The reply must contain exactly the lines below from the one with "Gomitas Elásticas Cuff" down to the one with "Personalized Arabic Letter", both included, and nothing more; please omit the pictures.
*** DATA SHOWN Section Begins ***
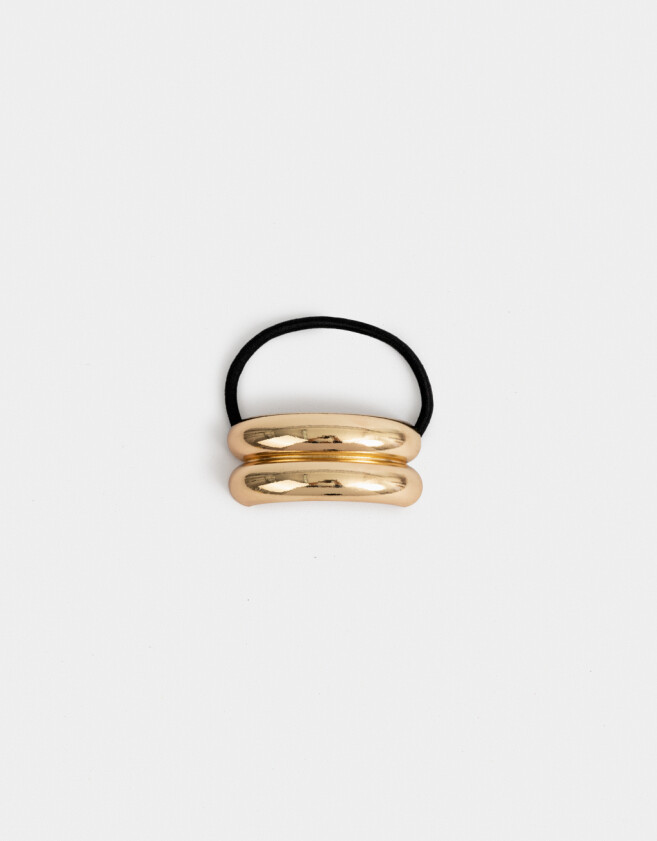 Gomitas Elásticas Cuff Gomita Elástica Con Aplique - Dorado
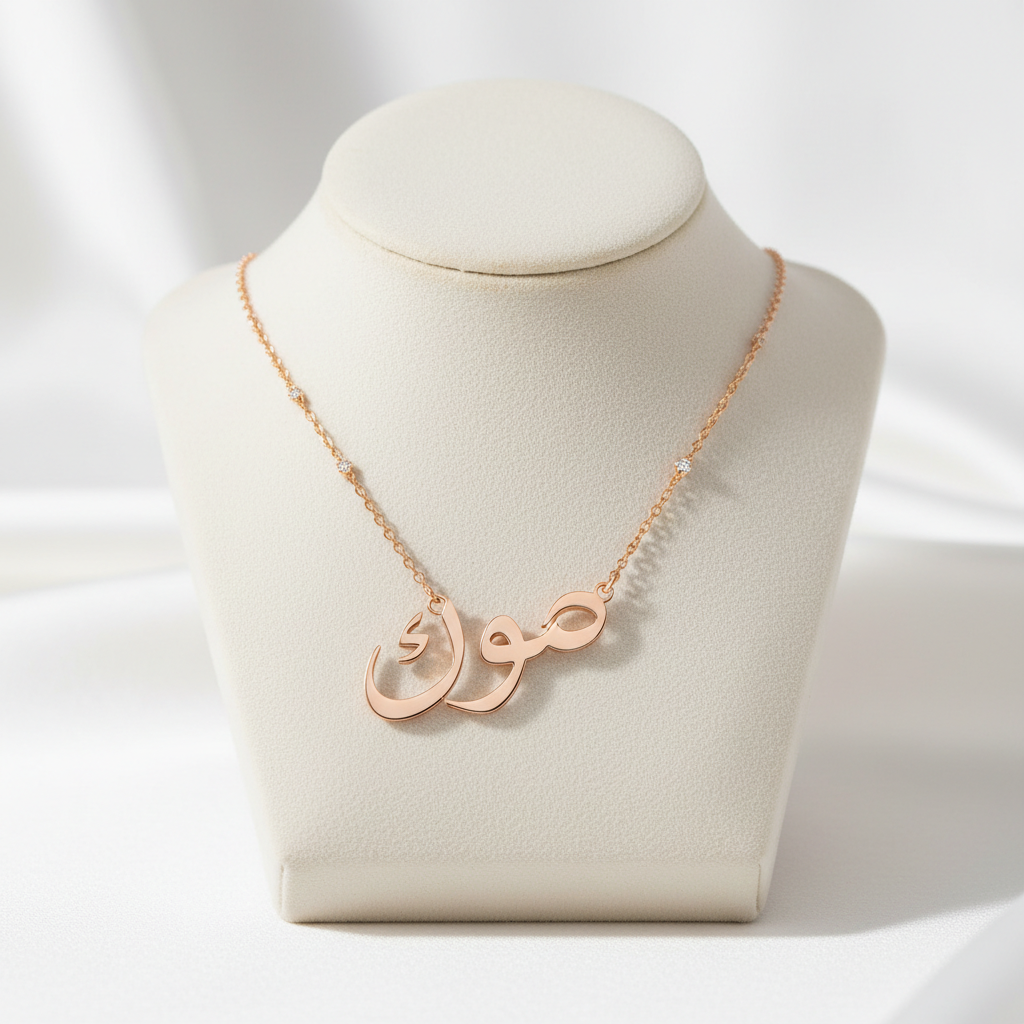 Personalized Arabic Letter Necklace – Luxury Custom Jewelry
*** DATA SHOWN Section Ends ***
*** DATA SHOWN Section Begins ***
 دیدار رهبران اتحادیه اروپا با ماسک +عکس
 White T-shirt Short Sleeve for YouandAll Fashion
*** DATA SHOWN Section Ends ***
*** DATA SHOWN Section Begins ***
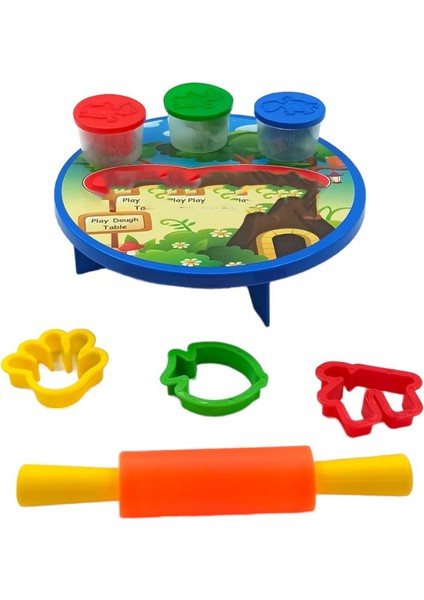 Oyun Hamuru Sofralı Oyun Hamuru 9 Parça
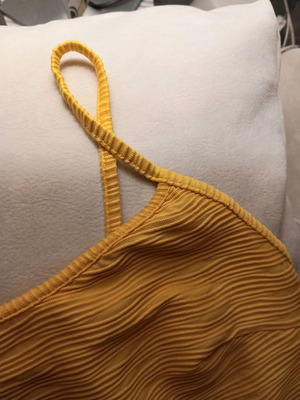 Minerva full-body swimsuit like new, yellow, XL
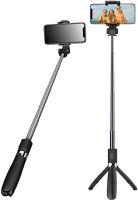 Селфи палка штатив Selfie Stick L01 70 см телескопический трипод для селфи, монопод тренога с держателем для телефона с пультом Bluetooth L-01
*** DATA SHOWN Section Ends ***
• _TASK RESPONSE_
 Gomitas Elásticas Cuff Gomita Elástica Con Aplique - Dorado
 Personalized Arabic Letter Necklace – Luxury Custom Jewelry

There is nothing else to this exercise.